#### EXERCISE
Pull every line containing the word "PDF版" from the records.

Top of SOURCE DATA

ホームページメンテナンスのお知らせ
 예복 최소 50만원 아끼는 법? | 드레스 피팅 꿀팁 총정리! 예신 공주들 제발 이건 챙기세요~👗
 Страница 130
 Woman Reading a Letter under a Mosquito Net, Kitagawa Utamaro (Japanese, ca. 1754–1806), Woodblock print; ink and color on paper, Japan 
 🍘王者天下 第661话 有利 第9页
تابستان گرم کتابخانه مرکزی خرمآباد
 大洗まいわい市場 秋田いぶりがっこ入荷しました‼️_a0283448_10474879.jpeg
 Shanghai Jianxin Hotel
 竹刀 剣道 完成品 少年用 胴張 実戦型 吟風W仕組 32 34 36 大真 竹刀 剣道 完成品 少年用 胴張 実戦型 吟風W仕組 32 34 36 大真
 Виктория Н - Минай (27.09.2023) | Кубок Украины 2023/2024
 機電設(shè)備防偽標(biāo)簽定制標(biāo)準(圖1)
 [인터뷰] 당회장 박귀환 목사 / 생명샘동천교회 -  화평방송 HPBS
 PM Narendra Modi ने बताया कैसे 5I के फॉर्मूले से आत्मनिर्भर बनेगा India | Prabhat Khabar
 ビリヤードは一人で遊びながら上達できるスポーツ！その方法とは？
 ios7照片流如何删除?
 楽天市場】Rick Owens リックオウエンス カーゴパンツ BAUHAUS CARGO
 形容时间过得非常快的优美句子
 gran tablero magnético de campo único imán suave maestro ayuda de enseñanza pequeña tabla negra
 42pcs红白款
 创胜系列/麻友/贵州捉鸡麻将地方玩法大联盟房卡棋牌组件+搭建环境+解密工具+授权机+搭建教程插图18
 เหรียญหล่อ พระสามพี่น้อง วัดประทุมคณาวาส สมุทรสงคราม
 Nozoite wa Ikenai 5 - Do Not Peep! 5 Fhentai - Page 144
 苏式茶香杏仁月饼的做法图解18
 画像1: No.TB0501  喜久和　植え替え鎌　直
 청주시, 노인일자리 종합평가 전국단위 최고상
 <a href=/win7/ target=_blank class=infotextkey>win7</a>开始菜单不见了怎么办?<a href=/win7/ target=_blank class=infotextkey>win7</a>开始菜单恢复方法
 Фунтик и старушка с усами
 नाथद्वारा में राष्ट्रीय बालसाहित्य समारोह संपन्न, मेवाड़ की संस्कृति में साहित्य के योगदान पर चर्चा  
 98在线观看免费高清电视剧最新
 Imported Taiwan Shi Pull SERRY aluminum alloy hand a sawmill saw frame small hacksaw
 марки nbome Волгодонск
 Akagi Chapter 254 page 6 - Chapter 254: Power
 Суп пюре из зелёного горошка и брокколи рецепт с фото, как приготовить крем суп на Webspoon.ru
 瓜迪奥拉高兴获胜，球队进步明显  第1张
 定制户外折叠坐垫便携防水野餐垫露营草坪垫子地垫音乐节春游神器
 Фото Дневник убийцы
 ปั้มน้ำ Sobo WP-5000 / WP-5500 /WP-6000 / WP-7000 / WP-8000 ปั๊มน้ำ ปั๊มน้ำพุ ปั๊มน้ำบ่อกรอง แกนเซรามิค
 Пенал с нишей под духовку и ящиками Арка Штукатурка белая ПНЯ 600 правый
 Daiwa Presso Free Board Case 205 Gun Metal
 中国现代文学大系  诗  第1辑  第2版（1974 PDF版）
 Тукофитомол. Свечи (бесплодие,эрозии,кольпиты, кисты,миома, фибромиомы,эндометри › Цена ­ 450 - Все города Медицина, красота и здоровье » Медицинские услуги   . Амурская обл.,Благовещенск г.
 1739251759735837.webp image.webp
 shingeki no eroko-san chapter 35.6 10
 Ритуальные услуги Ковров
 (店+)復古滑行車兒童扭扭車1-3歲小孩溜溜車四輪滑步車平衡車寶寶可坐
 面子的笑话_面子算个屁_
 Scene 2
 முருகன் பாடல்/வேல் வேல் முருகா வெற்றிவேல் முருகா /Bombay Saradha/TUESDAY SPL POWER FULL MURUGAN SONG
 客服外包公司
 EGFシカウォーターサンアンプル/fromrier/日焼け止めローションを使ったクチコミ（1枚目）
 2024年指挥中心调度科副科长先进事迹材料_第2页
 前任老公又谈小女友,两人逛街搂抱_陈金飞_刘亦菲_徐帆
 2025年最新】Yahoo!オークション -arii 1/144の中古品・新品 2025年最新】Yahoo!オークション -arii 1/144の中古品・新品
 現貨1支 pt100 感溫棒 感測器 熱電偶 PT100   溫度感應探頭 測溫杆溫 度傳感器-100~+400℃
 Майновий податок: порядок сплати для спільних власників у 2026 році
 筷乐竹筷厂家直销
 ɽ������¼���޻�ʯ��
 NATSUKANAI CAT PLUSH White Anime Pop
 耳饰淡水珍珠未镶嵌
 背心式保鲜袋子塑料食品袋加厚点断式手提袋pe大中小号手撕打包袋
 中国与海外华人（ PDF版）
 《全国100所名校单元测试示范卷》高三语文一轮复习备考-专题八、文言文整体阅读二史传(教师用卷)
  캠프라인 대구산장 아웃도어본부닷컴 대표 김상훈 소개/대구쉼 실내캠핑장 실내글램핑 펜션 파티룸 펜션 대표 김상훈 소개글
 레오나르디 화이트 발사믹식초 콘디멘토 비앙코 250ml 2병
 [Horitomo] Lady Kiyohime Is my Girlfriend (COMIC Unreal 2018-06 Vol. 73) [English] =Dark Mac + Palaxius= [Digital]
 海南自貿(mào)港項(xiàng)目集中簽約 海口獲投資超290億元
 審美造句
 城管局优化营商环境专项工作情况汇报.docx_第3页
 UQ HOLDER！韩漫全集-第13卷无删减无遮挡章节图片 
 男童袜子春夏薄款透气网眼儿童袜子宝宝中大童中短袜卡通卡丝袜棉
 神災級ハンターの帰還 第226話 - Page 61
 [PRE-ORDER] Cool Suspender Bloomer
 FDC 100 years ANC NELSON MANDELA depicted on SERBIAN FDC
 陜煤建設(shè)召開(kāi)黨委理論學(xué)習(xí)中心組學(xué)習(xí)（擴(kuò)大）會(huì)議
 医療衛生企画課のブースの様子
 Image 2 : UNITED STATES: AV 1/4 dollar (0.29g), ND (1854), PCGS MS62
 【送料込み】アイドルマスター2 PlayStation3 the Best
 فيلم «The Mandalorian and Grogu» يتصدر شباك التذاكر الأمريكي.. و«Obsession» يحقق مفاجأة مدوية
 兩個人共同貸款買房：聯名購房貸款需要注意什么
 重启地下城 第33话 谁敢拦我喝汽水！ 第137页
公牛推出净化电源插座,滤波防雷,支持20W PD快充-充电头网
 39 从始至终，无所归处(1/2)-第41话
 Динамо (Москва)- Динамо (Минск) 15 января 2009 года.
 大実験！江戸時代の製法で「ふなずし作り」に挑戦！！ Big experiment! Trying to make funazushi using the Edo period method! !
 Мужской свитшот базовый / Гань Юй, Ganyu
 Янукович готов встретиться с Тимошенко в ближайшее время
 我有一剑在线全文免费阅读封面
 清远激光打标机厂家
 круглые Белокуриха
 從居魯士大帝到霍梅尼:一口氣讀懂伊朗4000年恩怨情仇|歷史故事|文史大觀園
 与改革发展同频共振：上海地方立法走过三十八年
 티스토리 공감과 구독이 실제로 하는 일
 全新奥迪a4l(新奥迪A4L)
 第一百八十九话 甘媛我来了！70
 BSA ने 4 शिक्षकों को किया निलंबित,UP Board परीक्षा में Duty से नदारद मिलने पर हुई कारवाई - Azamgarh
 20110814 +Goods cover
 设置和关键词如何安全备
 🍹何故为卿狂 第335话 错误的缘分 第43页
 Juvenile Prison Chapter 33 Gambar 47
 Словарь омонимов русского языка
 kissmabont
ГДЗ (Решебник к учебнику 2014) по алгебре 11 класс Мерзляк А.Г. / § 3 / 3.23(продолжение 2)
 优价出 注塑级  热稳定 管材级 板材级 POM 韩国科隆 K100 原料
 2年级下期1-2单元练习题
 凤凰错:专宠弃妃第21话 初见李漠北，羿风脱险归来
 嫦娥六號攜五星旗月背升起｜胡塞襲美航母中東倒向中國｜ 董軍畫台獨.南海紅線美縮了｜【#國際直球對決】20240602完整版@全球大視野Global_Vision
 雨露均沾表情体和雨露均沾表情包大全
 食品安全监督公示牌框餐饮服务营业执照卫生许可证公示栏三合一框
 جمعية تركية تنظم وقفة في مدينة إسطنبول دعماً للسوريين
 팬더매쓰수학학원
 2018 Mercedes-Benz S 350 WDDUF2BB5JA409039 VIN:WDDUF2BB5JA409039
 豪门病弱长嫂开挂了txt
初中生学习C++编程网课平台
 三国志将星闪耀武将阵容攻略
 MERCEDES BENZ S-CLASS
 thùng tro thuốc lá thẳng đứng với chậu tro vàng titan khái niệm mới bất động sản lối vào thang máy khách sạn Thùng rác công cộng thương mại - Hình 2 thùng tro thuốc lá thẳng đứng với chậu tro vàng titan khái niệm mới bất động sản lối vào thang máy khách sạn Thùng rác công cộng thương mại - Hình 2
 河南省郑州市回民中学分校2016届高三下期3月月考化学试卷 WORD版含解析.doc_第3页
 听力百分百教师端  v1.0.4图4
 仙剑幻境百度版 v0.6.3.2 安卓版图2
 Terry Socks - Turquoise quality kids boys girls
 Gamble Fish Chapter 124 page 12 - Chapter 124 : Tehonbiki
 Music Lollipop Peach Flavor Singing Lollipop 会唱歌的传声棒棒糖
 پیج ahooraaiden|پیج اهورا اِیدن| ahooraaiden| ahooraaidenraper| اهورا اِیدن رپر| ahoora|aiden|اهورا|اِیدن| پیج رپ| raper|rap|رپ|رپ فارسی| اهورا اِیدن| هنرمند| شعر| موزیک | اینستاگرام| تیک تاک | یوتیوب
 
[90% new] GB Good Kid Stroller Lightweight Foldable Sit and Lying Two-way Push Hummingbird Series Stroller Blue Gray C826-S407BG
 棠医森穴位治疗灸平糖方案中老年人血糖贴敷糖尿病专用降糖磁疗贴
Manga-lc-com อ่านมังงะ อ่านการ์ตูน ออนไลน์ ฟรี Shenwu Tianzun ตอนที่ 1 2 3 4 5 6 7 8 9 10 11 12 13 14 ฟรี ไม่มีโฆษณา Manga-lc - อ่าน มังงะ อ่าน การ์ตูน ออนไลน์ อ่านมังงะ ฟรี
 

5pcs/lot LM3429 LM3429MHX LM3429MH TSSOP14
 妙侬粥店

Bottom of SOURCE DATA

#### ANSWER TO THIS PROBLEM
 中国现代文学大系  诗  第1辑  第2版（1974 PDF版）
 中国与海外华人（ PDF版）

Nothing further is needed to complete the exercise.